Politica
Primarie, una lezione non solo per il Pd
di Massimo Falcioni
Quando come ieri a Roma, il flop delle primarie del centrosinistra è inequivocabile superando le più pessimistiche previsioni, è anche troppo facile cercare capri espiatori o rifugiarsi nella solita frase che dice tutto e niente: “il problema è politico”. E se il problema è politico la riflessione non può che partire da chi ne è al vertice, in questo caso il segretario-premier Matteo Renzi che puntava su questo appuntamento per dimostrare la vitalità del suo Pd e perciò ci aveva messo la faccia chiamando i romani non solo a votare il “suo” candidato Giachetti ma a riempire in massa le urne.
Giachetti ha vinto ma l’affluenza è stata del 50 per cento inferiore – poco più poco meno – a tre anni addietro, quando vinse Marino, poi diventato sindaco. Ovvio che sulla disaffezione alle urne hanno pesato i mille limiti ed errori precedenti, quelli della giunta Marino, ma anche prima. Poi ha pesato l’opacità politica e di immagine del candidato renziano, sostenuto dal partito-apparato-istituzione ma incapace di far breccia sul cosiddetto voto d’opinione.

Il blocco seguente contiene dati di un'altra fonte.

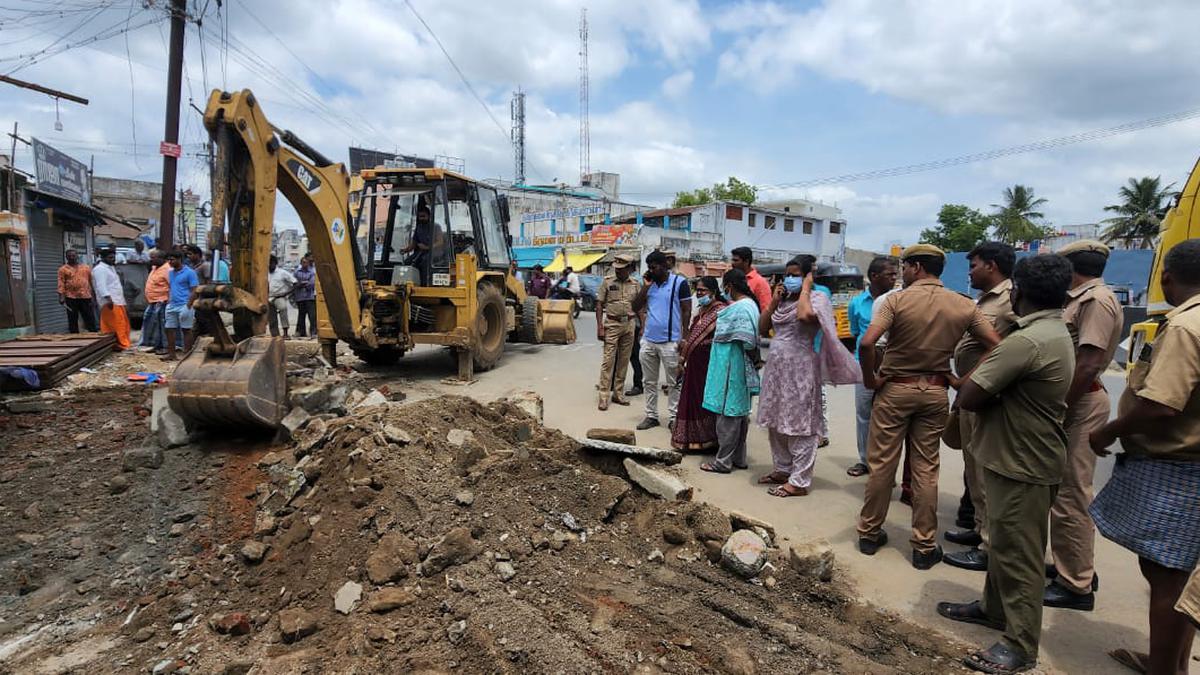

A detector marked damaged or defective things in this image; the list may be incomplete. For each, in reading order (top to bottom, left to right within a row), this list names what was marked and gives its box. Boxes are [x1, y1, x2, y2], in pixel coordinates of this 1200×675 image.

broken concrete slab [588, 427, 638, 444]
broken concrete slab [576, 437, 681, 461]
broken concrete slab [619, 456, 696, 499]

Ciò dimostra che, specie a Roma, i gazebo non “tirano” più, si perdono nel caos dei mille problemi irrisolti della metropoli con i cittadini stretti nella morsa della propria delusione e indifferenza. Il solito immediato battibecco sofistico e strumentale nel pollaio dei cosiddetti partiti, oltre che inutile e sterile, accresce il solco fra Palazzo e gente normale, cui rimane – come risposta – solo il forfait dalle urne: ieri dai gazebo e il prossimo 5 giugno per le elezioni comunali, dai seggi elettorali. E’ il solito refrain imposto da una classe politica mediocre e fuori dalla realtà, nella melma del connubio politica-affari, quando non apertamente truffaldina.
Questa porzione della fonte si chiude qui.